### Exercise brief
Two lines in the data below mark the range: the one with "Used 2025 Toyota Highlander XLE FWD image 26" and the one with "在水肺潜水时,永远不要做这五件蠢事". Return both, along with every line between them, exactly.

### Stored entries
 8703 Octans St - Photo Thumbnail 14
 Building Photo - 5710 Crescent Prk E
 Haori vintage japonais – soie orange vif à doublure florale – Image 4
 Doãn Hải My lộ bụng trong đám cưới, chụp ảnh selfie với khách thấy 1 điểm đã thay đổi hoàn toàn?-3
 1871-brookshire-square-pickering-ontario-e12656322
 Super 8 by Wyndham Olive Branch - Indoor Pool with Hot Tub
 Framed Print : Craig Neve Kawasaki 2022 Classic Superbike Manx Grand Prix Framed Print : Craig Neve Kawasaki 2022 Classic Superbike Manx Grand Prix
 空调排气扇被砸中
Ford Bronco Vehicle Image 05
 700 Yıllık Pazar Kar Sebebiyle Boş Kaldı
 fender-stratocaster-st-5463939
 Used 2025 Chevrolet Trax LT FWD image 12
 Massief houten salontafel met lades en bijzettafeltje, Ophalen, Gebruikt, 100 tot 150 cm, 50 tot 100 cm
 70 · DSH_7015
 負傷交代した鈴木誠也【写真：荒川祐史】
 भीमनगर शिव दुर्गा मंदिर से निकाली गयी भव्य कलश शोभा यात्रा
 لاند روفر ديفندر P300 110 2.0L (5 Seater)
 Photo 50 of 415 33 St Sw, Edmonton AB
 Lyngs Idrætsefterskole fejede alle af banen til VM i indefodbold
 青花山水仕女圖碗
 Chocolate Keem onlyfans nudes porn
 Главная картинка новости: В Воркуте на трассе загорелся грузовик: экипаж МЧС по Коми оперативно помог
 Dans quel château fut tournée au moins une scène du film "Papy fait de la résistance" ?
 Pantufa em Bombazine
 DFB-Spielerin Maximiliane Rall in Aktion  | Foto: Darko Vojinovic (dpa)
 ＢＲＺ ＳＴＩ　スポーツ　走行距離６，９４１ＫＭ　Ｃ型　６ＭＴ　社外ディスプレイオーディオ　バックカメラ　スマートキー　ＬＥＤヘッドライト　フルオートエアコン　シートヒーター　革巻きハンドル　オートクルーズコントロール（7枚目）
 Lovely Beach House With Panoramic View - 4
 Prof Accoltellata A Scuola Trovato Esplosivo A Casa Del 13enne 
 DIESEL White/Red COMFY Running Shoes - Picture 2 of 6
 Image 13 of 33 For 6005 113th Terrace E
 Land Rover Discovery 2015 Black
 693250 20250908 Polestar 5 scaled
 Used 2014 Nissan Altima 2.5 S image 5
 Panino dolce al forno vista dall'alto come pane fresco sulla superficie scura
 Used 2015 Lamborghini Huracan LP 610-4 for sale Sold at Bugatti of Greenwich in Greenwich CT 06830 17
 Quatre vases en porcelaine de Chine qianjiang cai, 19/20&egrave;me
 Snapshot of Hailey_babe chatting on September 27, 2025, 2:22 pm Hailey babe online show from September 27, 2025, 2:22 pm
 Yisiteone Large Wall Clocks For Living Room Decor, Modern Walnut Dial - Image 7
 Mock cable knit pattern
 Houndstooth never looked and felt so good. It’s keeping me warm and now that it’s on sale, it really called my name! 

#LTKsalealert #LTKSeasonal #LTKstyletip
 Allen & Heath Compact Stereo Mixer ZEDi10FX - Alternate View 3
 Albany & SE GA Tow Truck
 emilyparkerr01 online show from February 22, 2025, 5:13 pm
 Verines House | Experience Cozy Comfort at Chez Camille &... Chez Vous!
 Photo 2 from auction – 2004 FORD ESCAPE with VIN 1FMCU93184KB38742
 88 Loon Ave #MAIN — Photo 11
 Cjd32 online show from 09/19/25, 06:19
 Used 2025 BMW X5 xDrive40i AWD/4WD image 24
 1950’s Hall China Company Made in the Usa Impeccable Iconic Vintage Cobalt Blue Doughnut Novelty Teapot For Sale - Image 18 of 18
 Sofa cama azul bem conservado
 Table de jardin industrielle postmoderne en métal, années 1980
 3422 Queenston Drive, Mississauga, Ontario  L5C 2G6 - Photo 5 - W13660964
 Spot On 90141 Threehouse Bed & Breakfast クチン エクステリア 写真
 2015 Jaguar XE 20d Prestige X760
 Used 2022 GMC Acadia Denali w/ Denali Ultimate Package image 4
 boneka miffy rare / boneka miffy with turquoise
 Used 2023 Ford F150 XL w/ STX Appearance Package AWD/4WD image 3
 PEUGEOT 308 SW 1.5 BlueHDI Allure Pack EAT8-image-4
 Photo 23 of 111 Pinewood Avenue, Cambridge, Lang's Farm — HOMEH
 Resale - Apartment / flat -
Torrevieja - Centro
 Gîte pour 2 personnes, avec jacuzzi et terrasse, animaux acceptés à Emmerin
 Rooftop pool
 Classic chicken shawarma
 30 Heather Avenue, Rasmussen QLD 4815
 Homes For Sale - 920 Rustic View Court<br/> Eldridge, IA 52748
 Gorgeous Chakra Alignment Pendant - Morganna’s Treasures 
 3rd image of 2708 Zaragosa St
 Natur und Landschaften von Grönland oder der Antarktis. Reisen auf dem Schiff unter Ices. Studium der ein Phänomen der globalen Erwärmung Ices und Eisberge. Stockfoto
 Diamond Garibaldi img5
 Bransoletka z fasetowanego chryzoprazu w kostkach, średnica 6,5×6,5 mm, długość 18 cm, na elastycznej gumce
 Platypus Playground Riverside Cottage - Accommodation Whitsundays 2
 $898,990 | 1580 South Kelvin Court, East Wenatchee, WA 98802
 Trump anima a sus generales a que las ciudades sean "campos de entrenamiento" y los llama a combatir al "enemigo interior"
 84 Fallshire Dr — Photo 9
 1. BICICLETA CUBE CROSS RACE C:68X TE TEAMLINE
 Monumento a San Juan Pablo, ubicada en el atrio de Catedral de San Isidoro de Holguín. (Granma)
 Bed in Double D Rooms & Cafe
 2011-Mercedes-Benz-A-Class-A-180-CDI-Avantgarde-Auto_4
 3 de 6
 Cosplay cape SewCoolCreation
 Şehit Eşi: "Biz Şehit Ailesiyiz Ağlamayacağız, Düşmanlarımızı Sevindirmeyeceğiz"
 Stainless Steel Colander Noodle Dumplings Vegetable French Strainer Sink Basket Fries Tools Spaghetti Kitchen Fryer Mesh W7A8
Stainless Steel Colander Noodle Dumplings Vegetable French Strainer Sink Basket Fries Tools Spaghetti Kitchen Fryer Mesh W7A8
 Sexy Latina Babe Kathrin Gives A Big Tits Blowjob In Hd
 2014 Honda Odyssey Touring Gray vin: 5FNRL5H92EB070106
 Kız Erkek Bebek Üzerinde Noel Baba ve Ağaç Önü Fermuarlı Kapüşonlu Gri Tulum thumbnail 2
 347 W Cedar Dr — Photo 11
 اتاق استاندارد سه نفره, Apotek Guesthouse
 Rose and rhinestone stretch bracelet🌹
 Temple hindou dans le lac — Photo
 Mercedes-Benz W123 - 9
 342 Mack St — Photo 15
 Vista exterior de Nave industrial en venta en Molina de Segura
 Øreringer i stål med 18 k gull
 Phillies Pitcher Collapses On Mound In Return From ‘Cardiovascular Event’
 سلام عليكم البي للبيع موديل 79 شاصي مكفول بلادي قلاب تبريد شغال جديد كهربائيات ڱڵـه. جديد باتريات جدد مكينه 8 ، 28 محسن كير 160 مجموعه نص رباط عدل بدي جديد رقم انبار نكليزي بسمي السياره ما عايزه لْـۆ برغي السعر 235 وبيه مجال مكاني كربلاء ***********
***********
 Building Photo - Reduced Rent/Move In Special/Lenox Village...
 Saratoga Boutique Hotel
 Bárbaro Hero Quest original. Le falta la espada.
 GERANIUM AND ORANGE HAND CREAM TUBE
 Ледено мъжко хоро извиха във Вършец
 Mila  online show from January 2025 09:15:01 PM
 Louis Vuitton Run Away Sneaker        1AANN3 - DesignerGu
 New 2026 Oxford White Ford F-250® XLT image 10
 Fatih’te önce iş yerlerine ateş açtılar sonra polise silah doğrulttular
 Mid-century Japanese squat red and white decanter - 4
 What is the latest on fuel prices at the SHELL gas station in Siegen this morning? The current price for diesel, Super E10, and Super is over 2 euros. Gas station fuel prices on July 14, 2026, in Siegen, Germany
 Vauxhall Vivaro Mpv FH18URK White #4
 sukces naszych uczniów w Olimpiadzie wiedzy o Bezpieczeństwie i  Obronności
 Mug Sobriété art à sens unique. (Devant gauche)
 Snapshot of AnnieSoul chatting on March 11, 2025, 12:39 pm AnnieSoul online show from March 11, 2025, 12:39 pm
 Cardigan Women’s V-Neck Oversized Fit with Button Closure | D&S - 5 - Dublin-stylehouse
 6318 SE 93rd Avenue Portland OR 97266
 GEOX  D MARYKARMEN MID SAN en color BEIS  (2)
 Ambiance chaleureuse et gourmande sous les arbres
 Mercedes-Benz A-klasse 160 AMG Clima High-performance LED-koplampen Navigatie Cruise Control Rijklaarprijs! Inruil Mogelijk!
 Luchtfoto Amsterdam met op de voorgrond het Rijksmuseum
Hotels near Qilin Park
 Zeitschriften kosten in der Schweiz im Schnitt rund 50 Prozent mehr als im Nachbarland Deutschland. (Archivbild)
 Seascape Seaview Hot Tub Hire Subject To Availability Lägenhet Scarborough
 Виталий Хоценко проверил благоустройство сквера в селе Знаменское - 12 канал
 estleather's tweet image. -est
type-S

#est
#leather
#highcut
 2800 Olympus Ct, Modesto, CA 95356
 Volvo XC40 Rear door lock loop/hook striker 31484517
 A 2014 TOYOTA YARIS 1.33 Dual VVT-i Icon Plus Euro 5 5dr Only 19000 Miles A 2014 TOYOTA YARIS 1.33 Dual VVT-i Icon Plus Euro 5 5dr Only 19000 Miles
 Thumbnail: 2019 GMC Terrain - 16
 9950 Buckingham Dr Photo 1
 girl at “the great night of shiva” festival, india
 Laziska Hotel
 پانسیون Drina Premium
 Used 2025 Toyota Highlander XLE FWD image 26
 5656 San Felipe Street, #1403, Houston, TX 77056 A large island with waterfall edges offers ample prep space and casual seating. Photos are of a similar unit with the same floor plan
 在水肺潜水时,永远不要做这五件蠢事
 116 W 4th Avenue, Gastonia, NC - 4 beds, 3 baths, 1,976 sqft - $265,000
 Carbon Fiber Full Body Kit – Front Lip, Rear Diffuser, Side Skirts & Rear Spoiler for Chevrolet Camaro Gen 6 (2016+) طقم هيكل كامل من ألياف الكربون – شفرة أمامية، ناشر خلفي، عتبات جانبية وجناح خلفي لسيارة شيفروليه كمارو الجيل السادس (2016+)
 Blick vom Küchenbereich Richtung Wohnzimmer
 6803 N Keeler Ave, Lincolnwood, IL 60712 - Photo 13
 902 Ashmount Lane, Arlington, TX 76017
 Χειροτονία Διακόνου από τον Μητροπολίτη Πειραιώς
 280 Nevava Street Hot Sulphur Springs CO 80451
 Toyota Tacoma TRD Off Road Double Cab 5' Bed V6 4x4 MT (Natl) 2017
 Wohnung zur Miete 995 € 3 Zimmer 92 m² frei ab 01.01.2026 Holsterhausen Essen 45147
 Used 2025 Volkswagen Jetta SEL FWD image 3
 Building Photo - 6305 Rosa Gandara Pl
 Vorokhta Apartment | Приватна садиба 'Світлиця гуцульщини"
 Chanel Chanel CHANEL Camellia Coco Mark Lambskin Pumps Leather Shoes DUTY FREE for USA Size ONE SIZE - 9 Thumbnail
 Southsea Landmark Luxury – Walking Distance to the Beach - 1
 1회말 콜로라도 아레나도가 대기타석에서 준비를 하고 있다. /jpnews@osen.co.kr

### Final answer
 Used 2025 Toyota Highlander XLE FWD image 26
 5656 San Felipe Street, #1403, Houston, TX 77056 A large island with waterfall edges offers ample prep space and casual seating. Photos are of a similar unit with the same floor plan
 在水肺潜水时,永远不要做这五件蠢事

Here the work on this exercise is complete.